Nul mieux que le peintre ne comprend la peinture. Le geste fascinant de la copie l’atteste, l’hybris du faussaire aussi. « Mais comme Elstir Chardin, on ne peut refaire ce qu’on aime qu’en le renonçant », observait Proust. Longue serait à coup sûr la liste de ceux, anciens, modernes et contemporains, que Theodoor Kooijman aime (au reste, il faut dire en passant que Theo Kooijman aime est le titre d’un court texte filé où, déroulant le catalogue partiel de ses affections, il s’emploie à composer un éventuel autoportrait), nombreux sont ceux dont le modèle ou les œuvres ont pu façonner ou infléchir son regard de peintre. Il ne saurait en être autrement, puisque l’affaire est en somme entendue : nous sommes des tard venus. Mais si le peintre le sait, jamais il n’y a aperçu le moindre malheur, encore moins un destin : ne s’étant guère soucié de refaire, Theodoor Kooijman n’a dû renoncer, renier personne. Résultat : sa peinture est peuplée. Ce qu’on pourrait dire autrement : sa peinture est instruite, elle est prévenue. Au spectateur ne reste alors qu’à faire avec, qu’à tâcher, grâce à la peinture, d’y voir un peu plus clair sur son propre commerce avec le visible et le monde, dans l’alternance des jours et des nuits, sur son propre effort pour les faire tenir ensemble.
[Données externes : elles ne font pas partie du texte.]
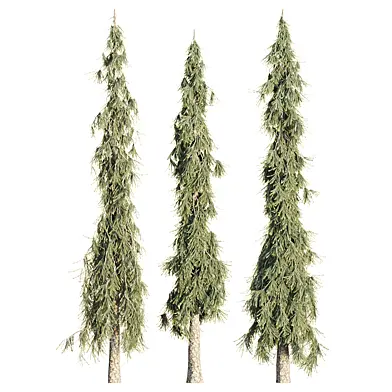 Weeping White Spruce Collection 522-3D Tree Model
Un jour qu’il revenait d’un séjour à la campagne, Theodoor Kooijman s’est arrêté à la lisière d’un champ pour cueillir un bouquet de tournesols qu’il a ramené chez lui, avec l’intention de s’essayer à les peindre, d’en faire un tableau ou, comme souvent chez lui, une suite de tableaux. Ces toiles, je les ai vues dans son atelier, mais retournées contre le mur. Elles faisaient grise mine et ne voulaient rien montrer si ce n’est la morne grimace de leur envers grenu. Le peintre n’y tenait pas non plus, qui les disait ratées. Dans une lettre adressée de Saint-Rémy-de-Provence le 26 novembre 1899 à son ami Émile Bernard, Vincent Van Gogh évoquait un lancinant embarras : « As-tu vu une étude de moi avec un petit faucheur ? Un champ de blé jaune et un soleil jaune. Ça n’y est pas – et pour- tant là-dedans j’ai encore attaqué cette diable de question du jaune. » L’importance du « encore », à la Beckett. Échouer encore, échouer mieux. La peinture, comme toute œuvre de pensée, est cette endurance.